Mijn eerste tempelbezoek
De auteur woont in Córdoba (Argentinië).
Ik wilde de tempel zelf bezoeken en niet alleen anderen erover horen vertellen.
Toen ik zestien was, kondigde het ringpresidium aan dat onze ring de tempel in Buenos Aires zou bezoeken. Ik werd uitgenodigd om mee te gaan. Ik spaarde en werkte hard om een tempelaanbeveling waardig te zijn.
Nadat ik mijn tempelaanbeveling had gekregen, werd ik aan alle kanten door verleidingen belaagd, waarmee ik mijn tempelwaardigheid zou verliezen. Maar ik verlangde naar de tempel te gaan.
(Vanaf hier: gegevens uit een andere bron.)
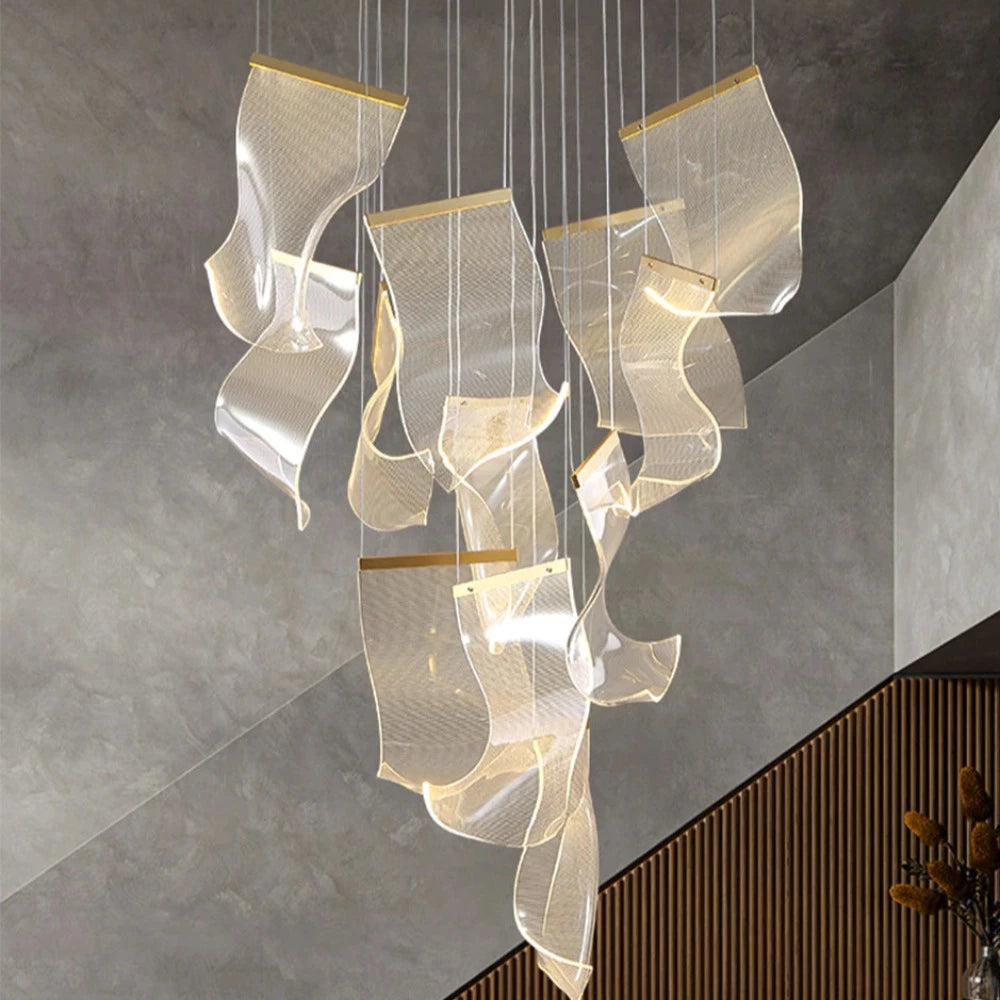 Aria Sali Modern Suspension Round Chandelier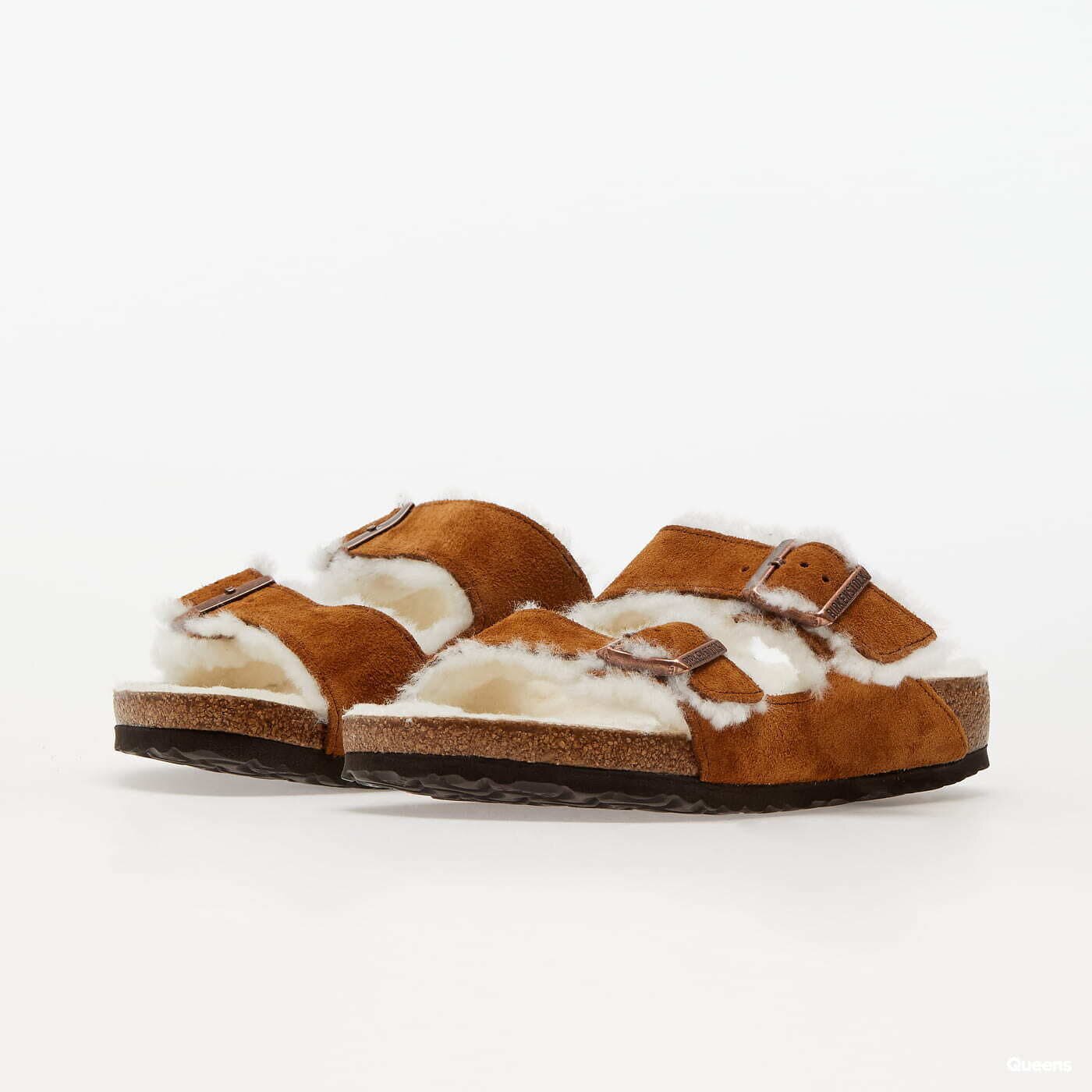 Birkenstock Arizona Shearling Mink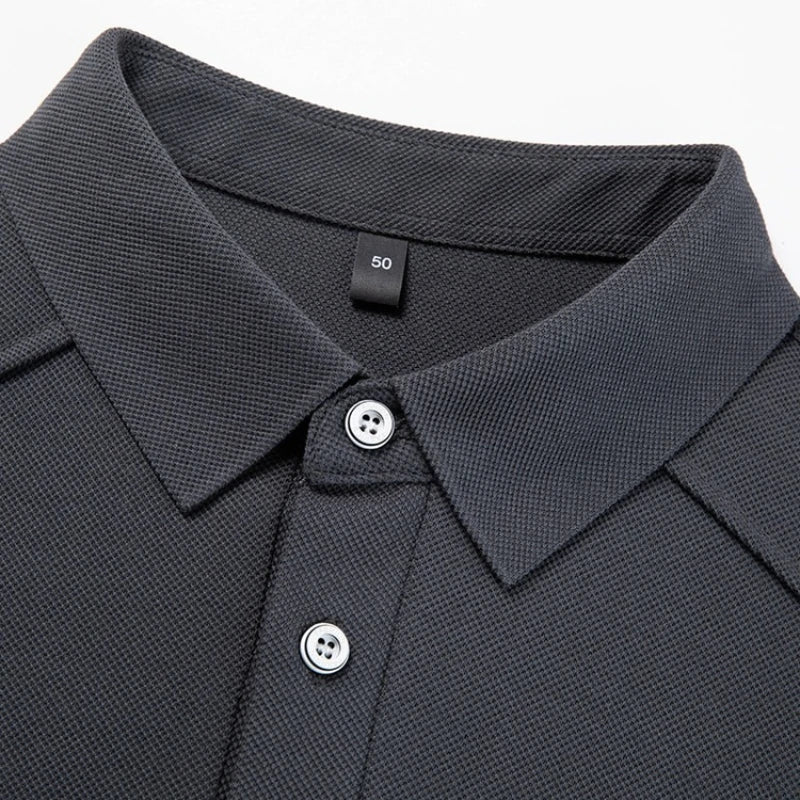 تي شيرت بولو رجالي صيفي 2025 بأكمام قصيرة مصنوع من القطن بنسبة 65%، مناسب للأعمال، بأكمام قصيرة، مقاسات M-4XL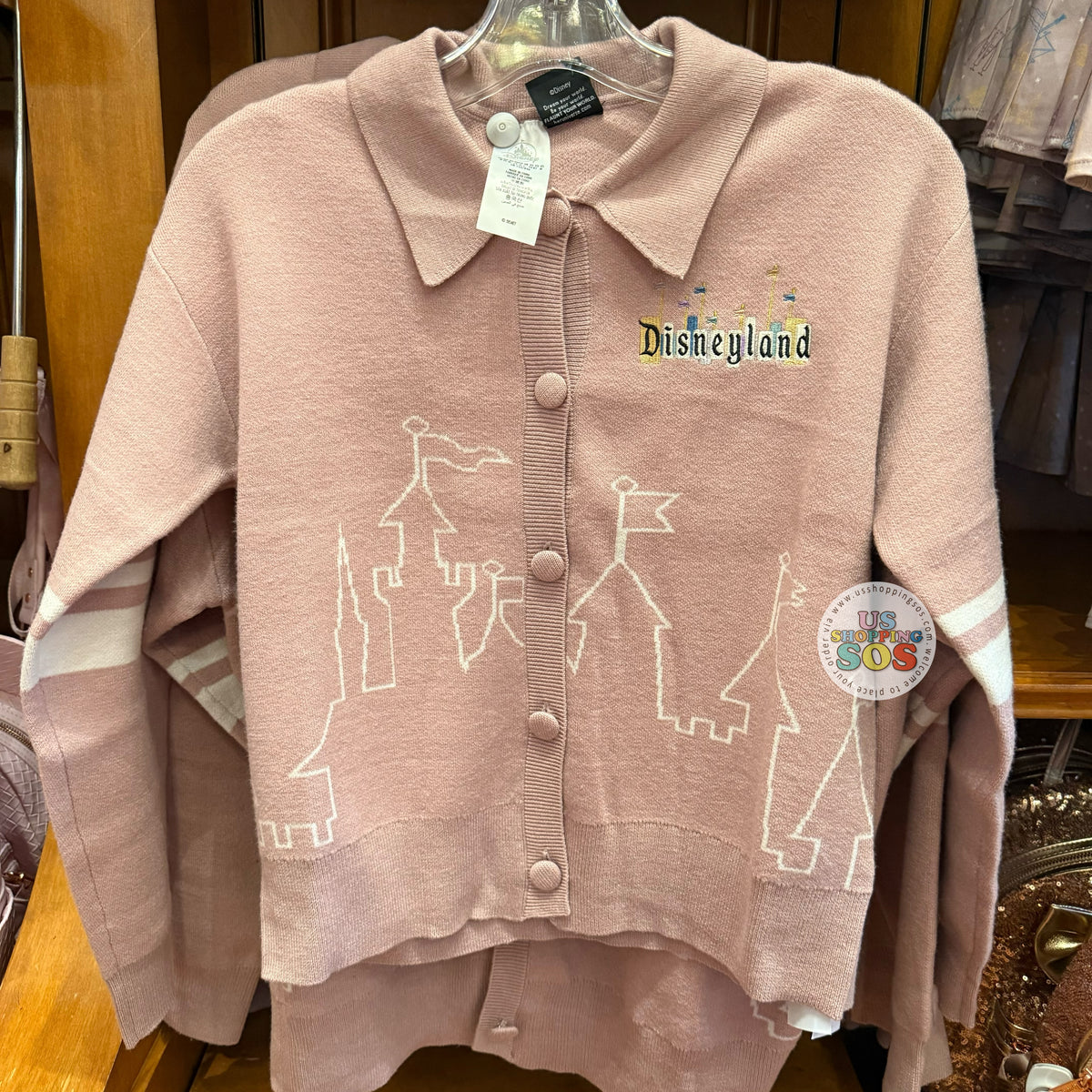 DLR - Her Universe Disneyland Rose Pink Cardigan (Adults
Ik wilde niet alleen het getuigenis en de ervaring van anderen horen; ik wilde het zelf beleven en een getuigenis krijgen.
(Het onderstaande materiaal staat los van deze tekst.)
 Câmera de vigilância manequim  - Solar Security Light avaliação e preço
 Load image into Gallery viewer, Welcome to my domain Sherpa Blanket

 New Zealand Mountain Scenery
Nog vóór ik de avond van de reis in de bus stapte, kreeg ik de gedachte om niet te gaan, maar ik gaf er niet aan toe. Tijdens de reis van tien uur zat ik naast een erg vriendelijk kerklid. Hij was ongeveer zestig. Hij vertelde me zijn levensverhaal en hoe gelukkig hij was, omdat hij zijn beproevingen had doorstaan.
Ik vertelde hem over mijn leven en hoe eenzaam ik mij voelde, omdat velen zich van mij hadden afgekeerd omdat ik God volgde. Hij zei tegen me: ‘God zal je een geweldige vriend geven en die vriend zal altijd voor je klaarstaan. Vergeet dat nooit!’ Nadat hij deze woorden had uitgesproken, voelde ik me rustig en vredig omdat ik de waarheid in zijn woorden voelde.
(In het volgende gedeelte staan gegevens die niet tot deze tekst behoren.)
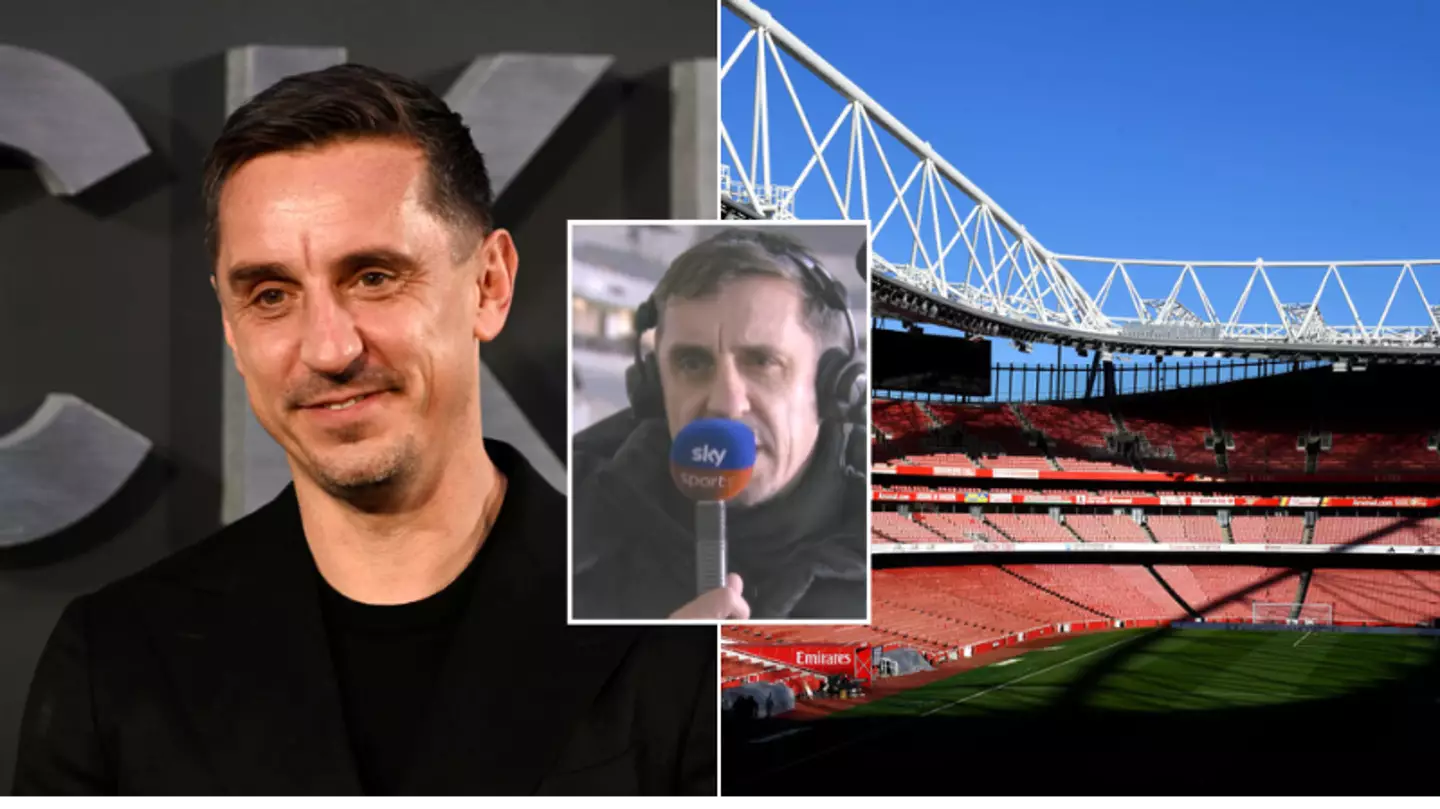 Gary Neville responds after calls for him to be banned from the Emirates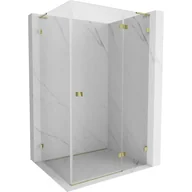 Kabiny prysznicowe - Mexen Lunar L kabina prysznicowa uchylna prawa 95 x 80 cm, transparent, złota - 834L-095-080-50-00-P - miniaturka - grafika 1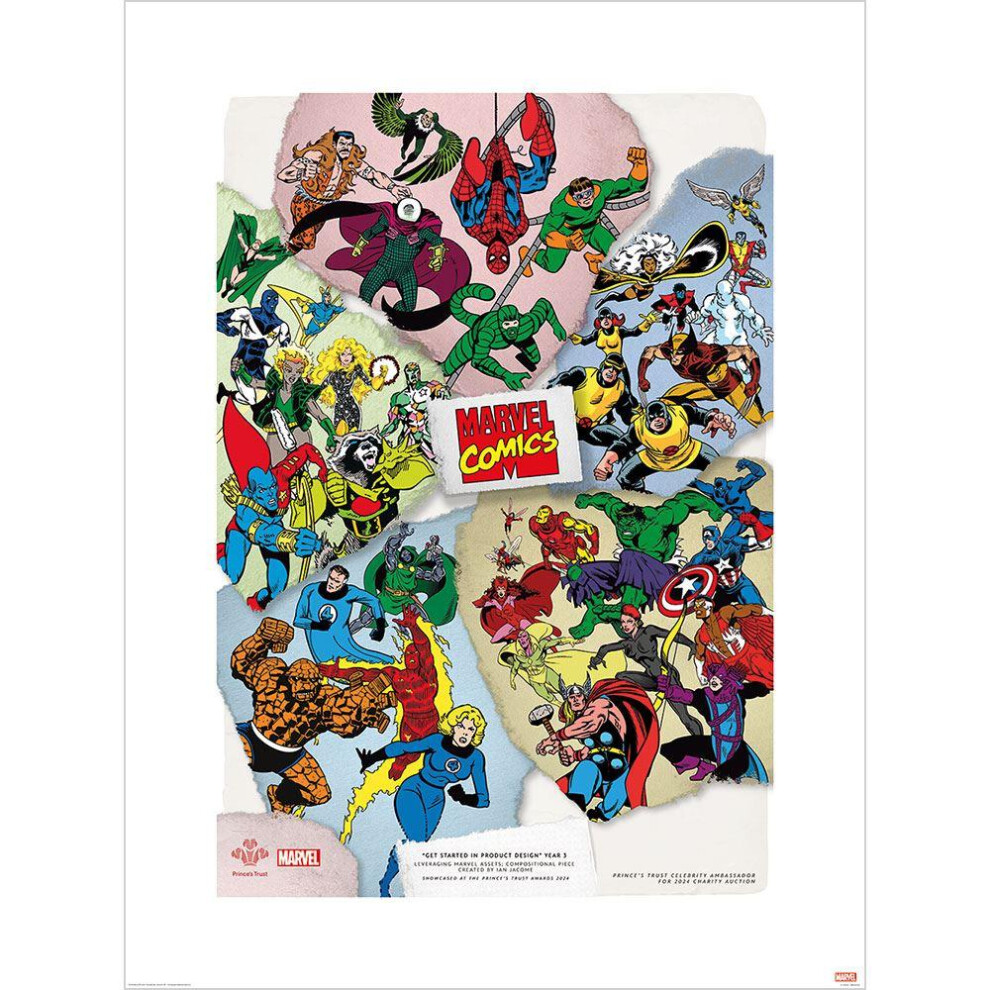 Marvel Comics Torn Heroes Awards Show Print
Toen ik in de tempel kwam, verdween mijn zwaarmoedigheid. Ik kreeg het gevoel van een geestelijke omhelzing die zei: ‘Welkom, zoon. Ik was op je aan het wachten.’
Ik voelde dat de tempel echt het huis van God is en niet alleen maar een mooi gebouw. Nadat ik enkele dopen en bevestigingen had gedaan, verliet ik de tempel. Ik voelde mijn lasten terugkomen, maar nu had ik de kracht om ze te overwinnen.
Ik weet dat onszelf voorbereiden en alles in de handen van God leggen en het beste van onszelf geven om de tempel te betreden, is wat er van ons wordt verwacht. Dan zegent God ons overvloedig.